6 Tips for Expanding Globally into Brazil

Brazil may be best known for its breathtaking beaches and lush rainforests but its booming economy with excellent investment opportunities is now attracting more foreign business people than ever before. Going global can be daunting and there are always challenges when entering a new market. Follow these 6 tips to doing business in Brazil and you'll be saying "trato" in no time.

1. Seize the Opportunities

Brazil may be best known for its breathtaking beaches and it lush rainforests but its booming economy with excellent investment opportunities is now attracting more foreigner business people than ever before. With a population of 190 million and a GDP of almost $2 trillion, Brazil represents the 5th largest opportunity in the world after China, India, Indonesia and the United States. Opportunities abound for small to mid-sized companies in many sectors of the Brazilian market. With the preparations in full swing for the 2014 World Cup and the 2016 Olympics billions have been earmarked for infrastructure, roads, ports, airports, and stadiums. Agriculture, construction, security, mining, telecommunications are some other promising areas for exports and investment. While the oil and gas industry is also very strong in Brazil, the country is now one of the leaders of hydroelectric power making investment into this industry extremely promising as well. An IMF (International Monetary Fund) report indicates that Brazil leads all other South American countries in terms of infrastructure and technological development.

2. Do Your Homework

Brazil is a hotspot for companies looking to expand their business and boost global sales but doing business in Brazil requires knowledge of the local environment. Often referred as the "custom Brazil" there are many hidden costs associated with doing business in this vibrant country. For example, Brazil's inflation of labor costs is among the highest in Latin America and there are many labor charges on top of base salaries. Possible sources of funding must also be explored due to high interest rates on credit. Other obstacles in the way of smooth global sales for your company may include the complex customs system, lengthy legal processes and heavy taxes. Brazil may have dropped six points in the ranking since 2011 making it the 58th most difficult country to do business with but the strength of its economy, its rapidly expanding consumer class and the numerous opportunities for growth may make it worth the hassle.

3. Hire an Expert

If you're going to be doing business in Brazil, a trustworthy financial adviser and a great accountant can help you cut through the red tape and navigate the complex tax and labor laws. Don't speak Portuguese? Brazil has received a below-average score in a new report that rates English-language competency around the word so you may need to solicit a good translation company in order to effectively communicate your international business proposal and an international bilingual staffing consultant can make sure you have the right people working for you once your business is off the ground.

4. Plan a Trip

Once you've researched this booming market you'll need to start developing your market entry strategy. Some of the easiest ways are through a sales representative or distribution network, setting up a subsidiary of your existing company, or acquiring an already established Brazilian company. Personal relationships are the foundation of Brazil's business culture and many people find that visiting a trade show is the simplest way to begin doing business in Brazil. For public sector procurements a local Brazilian partner is a must and a face to face meeting is preferred. Learning a few words of Portuguese will go a long way towards showing your Brazilian business contacts that you respect their culture but a trustworthy local interpreter should be present to avoid miscommunication during any serious business meeting.

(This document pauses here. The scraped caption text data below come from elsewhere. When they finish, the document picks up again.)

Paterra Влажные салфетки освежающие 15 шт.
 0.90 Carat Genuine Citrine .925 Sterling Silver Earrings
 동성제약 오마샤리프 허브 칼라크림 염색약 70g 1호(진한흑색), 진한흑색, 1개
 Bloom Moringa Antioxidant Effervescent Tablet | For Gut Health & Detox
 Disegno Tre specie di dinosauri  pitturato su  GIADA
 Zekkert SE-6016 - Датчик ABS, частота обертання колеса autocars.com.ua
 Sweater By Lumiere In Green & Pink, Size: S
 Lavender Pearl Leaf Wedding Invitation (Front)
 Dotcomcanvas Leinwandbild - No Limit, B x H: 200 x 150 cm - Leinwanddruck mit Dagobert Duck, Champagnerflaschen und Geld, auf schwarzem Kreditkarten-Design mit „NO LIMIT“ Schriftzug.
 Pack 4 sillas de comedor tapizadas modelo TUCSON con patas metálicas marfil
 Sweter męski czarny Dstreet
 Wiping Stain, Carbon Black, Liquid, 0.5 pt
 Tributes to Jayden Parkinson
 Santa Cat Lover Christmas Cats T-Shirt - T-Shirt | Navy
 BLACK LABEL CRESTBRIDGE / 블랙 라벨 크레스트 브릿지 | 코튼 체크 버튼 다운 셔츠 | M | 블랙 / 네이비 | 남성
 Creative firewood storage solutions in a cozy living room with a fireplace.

5. Familiarize Yourself with Local Customs

Since personal relationships are the key to a successful business venture in Brazil, you'll want to sharpen your Brazilian social skills. In a business meeting it is customary to start out with some casual small talk, never delve into business discussions before your host broaches the subject. It's most likely that entertaining will take place in a restaurant but if you are invited to a Brazilian home, it is seen as polite to send the hostess a flower arrangement the next day as a thank you. Gift giving is not expected at a business meeting, instead pick up the tab, a 10% tip is appropriate at a bar or restaurant. For a toast to your future success in Brazilian business try "saude" (sah-OO-day) or "viva" (VEE-va).

6. Pick a Brazilian Home base

It has been said that the biggest mistake a foreigner can make when doing business in Brazil is to visit Rio first. The city is breathtaking, the lifestyle is enticing and it's easier for your family to transition there. Rio may be the "marvelous city" but San Pablo, the "city of drizzle" is still the business center of the country and the place you'll likely want to be when doing business in Brazil. Setting up your Brazilian home base there from the start will save you an inconvenient and costly move later down the line and with a lot of planning and a little luck you'll see a quick return on your investment in this booming economy and you'll be celebrating on a beautiful Brazilian beach in no time.